> **Source material**
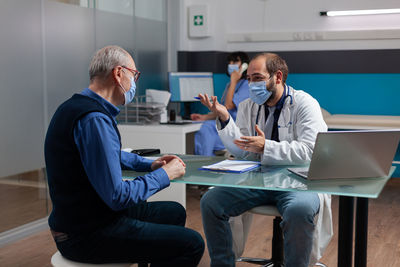 Male doctor discussing with patient at clinic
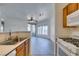 Efficient kitchen layout connecting to a bright living area with modern appliances at 7151 S Durango Dr # 211, Las Vegas, NV 89113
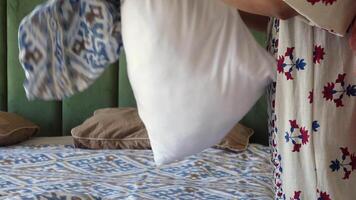 Making a bed with fresh linens and throwing pillows video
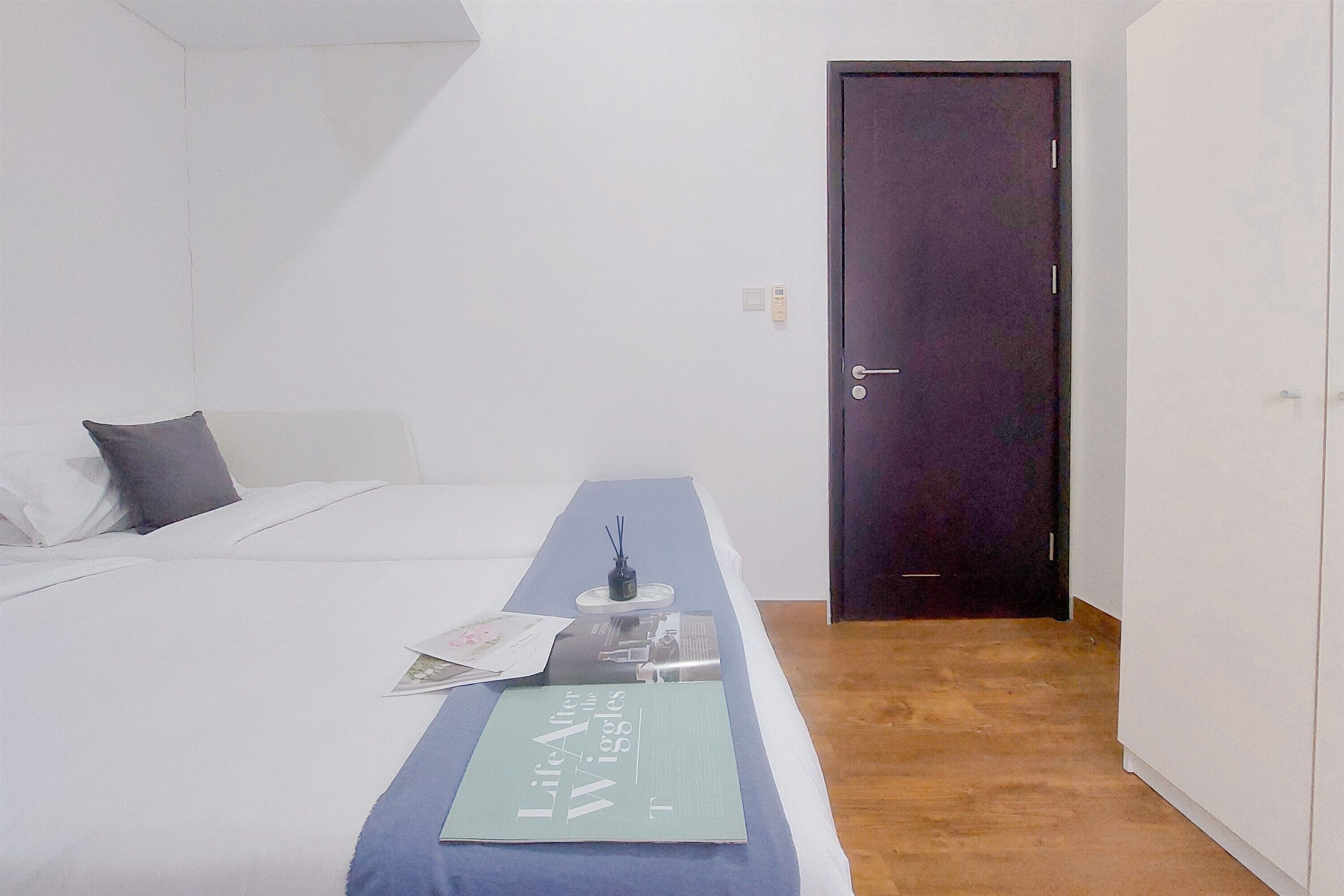 A bedroom with a bed, a bedside table with a book, a door, and a light switch on the wall.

> **Required action**
Your task is to copy word for word the lines from the line containing "Making a bed" to the end of the listing, both included, and to drop any pictures.

> **Reply**
 Making a bed with fresh linens and throwing pillows video
 A bedroom with a bed, a bedside table with a book, a door, and a light switch on the wall.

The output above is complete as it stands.